(Dataset entries)

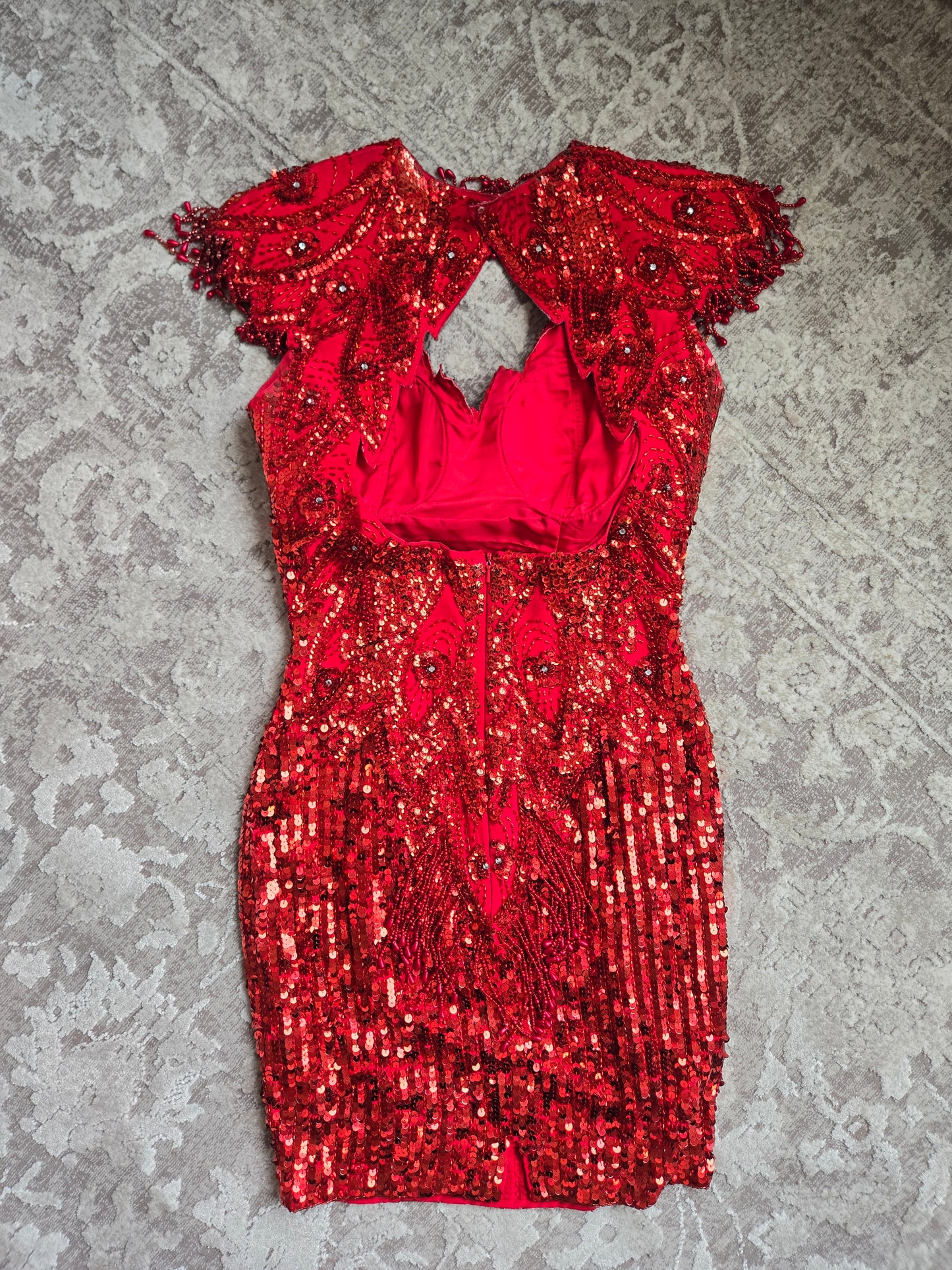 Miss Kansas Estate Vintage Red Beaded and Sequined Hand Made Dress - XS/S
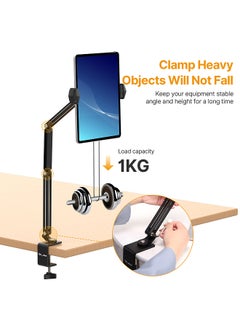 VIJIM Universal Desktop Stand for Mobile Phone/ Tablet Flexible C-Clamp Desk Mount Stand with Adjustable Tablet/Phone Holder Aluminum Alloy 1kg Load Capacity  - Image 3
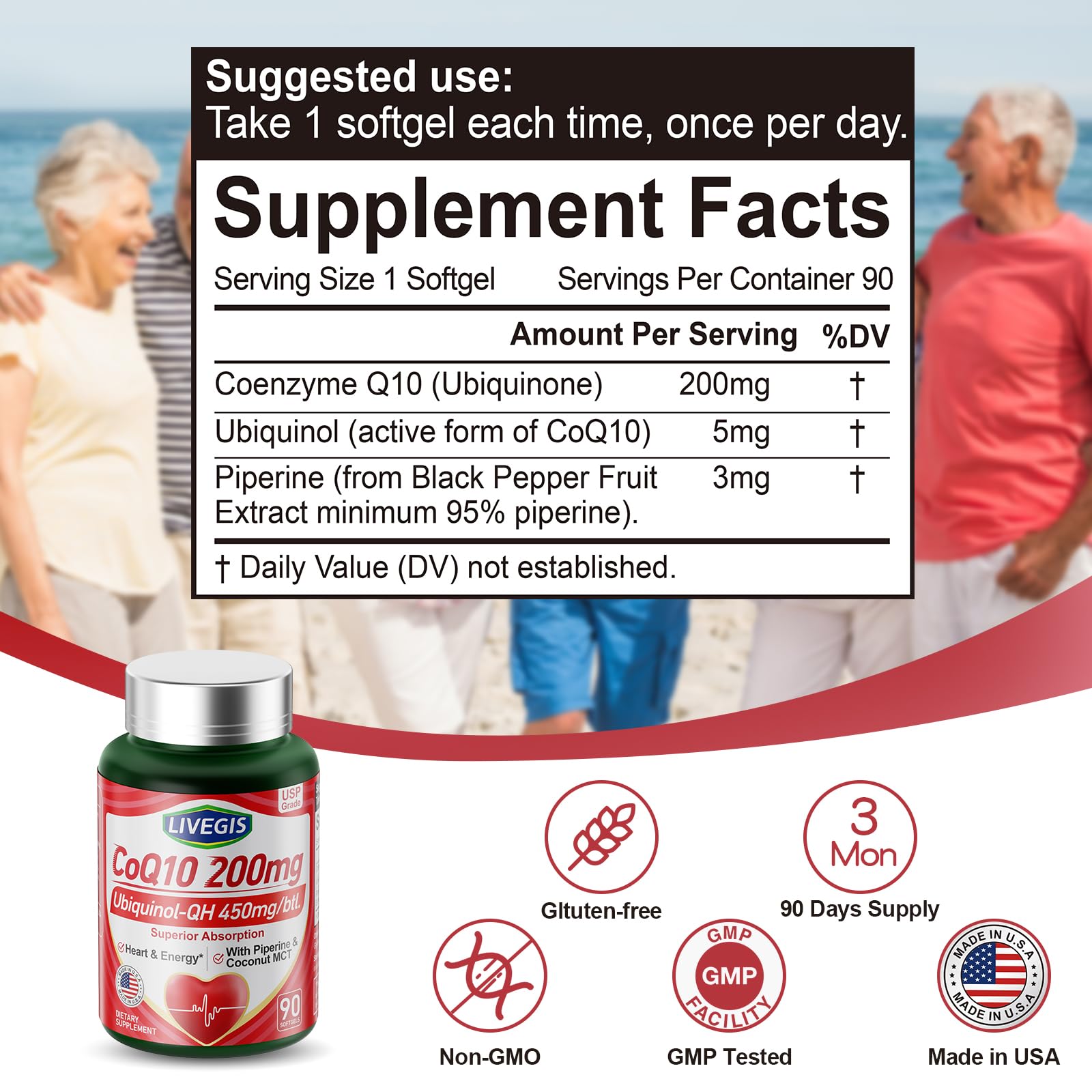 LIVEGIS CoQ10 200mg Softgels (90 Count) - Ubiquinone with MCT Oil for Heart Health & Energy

(End Dataset entries)
(Dataset entries)

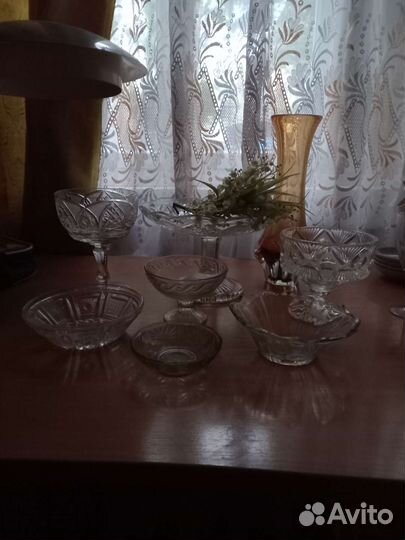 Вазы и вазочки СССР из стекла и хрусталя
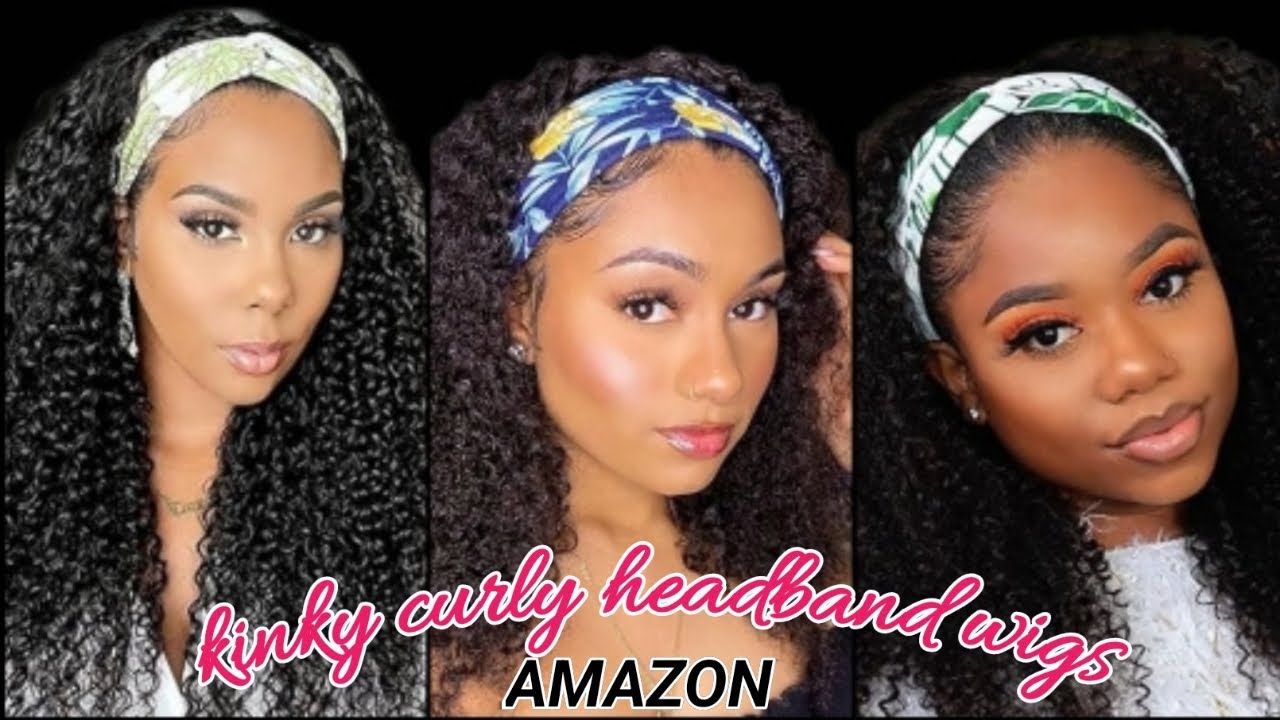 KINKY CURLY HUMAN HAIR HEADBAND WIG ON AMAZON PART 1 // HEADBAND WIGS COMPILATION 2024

(End Dataset entries)
(Dataset entries)

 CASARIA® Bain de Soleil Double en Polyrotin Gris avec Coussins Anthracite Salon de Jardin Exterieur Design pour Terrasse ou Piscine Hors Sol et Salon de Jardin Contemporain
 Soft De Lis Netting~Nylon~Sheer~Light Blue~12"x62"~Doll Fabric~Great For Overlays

(End Dataset entries)

**Assignment**
Using the records above, return word for word the lines that begin at the one containing "Miss Kansas Estate" and end at the one containing "LIVEGIS CoQ10 200mg", both of them included and no pictures.

**Result for this exercise**
 Miss Kansas Estate Vintage Red Beaded and Sequined Hand Made Dress - XS/S
 VIJIM Universal Desktop Stand for Mobile Phone/ Tablet Flexible C-Clamp Desk Mount Stand with Adjustable Tablet/Phone Holder Aluminum Alloy 1kg Load Capacity  - Image 3
 LIVEGIS CoQ10 200mg Softgels (90 Count) - Ubiquinone with MCT Oil for Heart Health & Energy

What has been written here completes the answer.